Precision, Recall and F1 Score are calculated: \[Precision = {{correct\_annotations \#} \over {submitted\_annotations \#}}\] \[Recall = {{correct\_annotations \#} \over {ground\_truth\_annotations \#}}\] \[F1 = {2 \times Precision \times Recall \over Precision + Recall}\]

Notes:
  1. # denotes the number.
  2. \(F1\) is used as the primary score, and \(Precision\) is used as the secondary score.
Submission
Participants can test and develop their systems on the given ground truth (validation set). Please name your submission files as YOURTEAM_DATASET_TASK.csv.

Column Type Annotation using Schema.org terms (R1-SOTAB-CTA-SCH)

R1-SOTAB-CTA-SCH is a task of ISWC 2023 "Semantic Web Challenge on Tabular Data to Knowledge Graph Matching". It is based on the WDC-SOTAB benchmark. The goal is to annotate table columns with pre-defined terms from the Schema.org vocabulary.

Task Description

In this task, the goal is to annotate the semantic types of table columns using terms from a pre-defined set of Schema.org terms. The problem is formulated as a multi-class classification problem where each column can be annotated with only one type. The set of pre-defined Schema.org terms consists of 40 terms which are listed in the "cta_labels_round1.txt" file. Examples include telephone, Duration or Place/name.

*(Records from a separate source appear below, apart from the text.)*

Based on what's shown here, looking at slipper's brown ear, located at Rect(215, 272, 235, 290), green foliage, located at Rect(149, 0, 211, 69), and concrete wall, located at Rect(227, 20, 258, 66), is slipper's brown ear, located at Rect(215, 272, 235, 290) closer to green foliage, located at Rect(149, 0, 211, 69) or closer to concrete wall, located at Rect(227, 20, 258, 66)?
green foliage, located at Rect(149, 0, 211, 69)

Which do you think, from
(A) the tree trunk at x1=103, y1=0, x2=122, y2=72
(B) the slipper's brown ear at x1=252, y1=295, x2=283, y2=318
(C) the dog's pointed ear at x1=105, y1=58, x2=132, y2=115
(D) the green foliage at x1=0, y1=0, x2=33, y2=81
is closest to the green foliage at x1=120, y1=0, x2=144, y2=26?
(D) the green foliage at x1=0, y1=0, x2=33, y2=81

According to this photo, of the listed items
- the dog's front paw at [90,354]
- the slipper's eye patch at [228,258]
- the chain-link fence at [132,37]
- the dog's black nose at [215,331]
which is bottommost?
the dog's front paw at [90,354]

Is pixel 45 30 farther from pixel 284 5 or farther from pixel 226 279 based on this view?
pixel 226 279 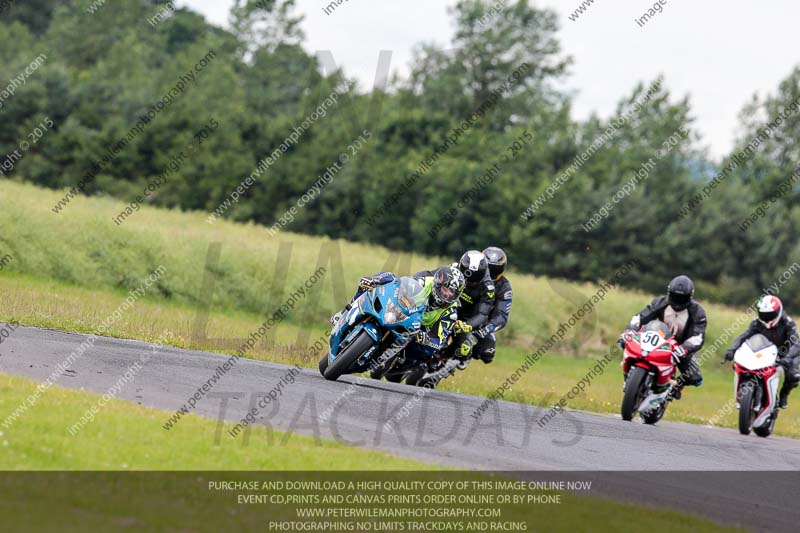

Each submission should be a CSV file. A line should represent one column prediction. The first column should specify the name of the table, the second column should specify the index of the column in the table and the third column should specify the predicted label. The columns should be named: "table_name", "column_index", "label".

Explanations:
  • "table_name" column should include the full name of the table including the extension. (example: Product_corememoriesco.com_September2020_CTA.json.gz)
  • "column_index" refers to the position of the column in the table. Column indices in a table start from 0.
  • "label" refers to the predicted label. One column should have only one predicted label.

Dataset
Links
(1) R1-SOTAB-CTA-SCH Tables at SemTab 2023 Round 1
Description
(2) Training annotations, validation annotations, test targets, evaluation script and label space for R1-SOTAB-CTA-SCH.
The datasets zip file includes:
  • The training set is found in the file "sotab_cta_train_round1.csv" and provides the table names, column indices, and ground truth labels for each column.
  • The validation set is found in the file "sotab_cta_validation_round1.csv" and has the same structure as the training set. You can use the code "SOTAB_Evaluator.py" to evaluate the predictions on the validation set. You can run the evaluation by running: python SOTAB_Evaluator.py /path/to/submission/file /path/to/ground/truth/file
  • The test targets can be found in the file "sotab_cta_test_targets_round1.csv". The first column indicates the table name and the second the target column index which needs to be predicted. Submissions need to have one prediction for each target column.
  • All tables can be found in the links provided. One table is stored in one JSON file. Each line corresponds to a table row. The tables do not have any column headers. You can open a table using the following code: table_df = pd.read_json(path, compression='gzip', lines=True)
  • The label set to use for prediction is stored in the "cta_labels_round1.txt" file.
Evaluation Criteria

Calculating Precision, Recall, Macro-F1 Score and Micro-F1 Score.

Submission
Participants can test and develop their systems on the given ground truth (validation set). Please name your submission files as YOURTEAM_DATASET_TASK.csv.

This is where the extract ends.